==== Supplied material ====

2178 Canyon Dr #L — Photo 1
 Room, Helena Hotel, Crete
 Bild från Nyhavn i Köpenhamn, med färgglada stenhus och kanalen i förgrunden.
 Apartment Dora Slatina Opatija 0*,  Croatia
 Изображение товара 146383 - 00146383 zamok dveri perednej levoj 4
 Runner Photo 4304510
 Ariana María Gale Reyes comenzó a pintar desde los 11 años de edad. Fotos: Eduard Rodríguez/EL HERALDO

====

▶ _What you will do_:
From the listing above, return each line with the word "Photo".

▶ _Reply_:
2178 Canyon Dr #L — Photo 1
 Runner Photo 4304510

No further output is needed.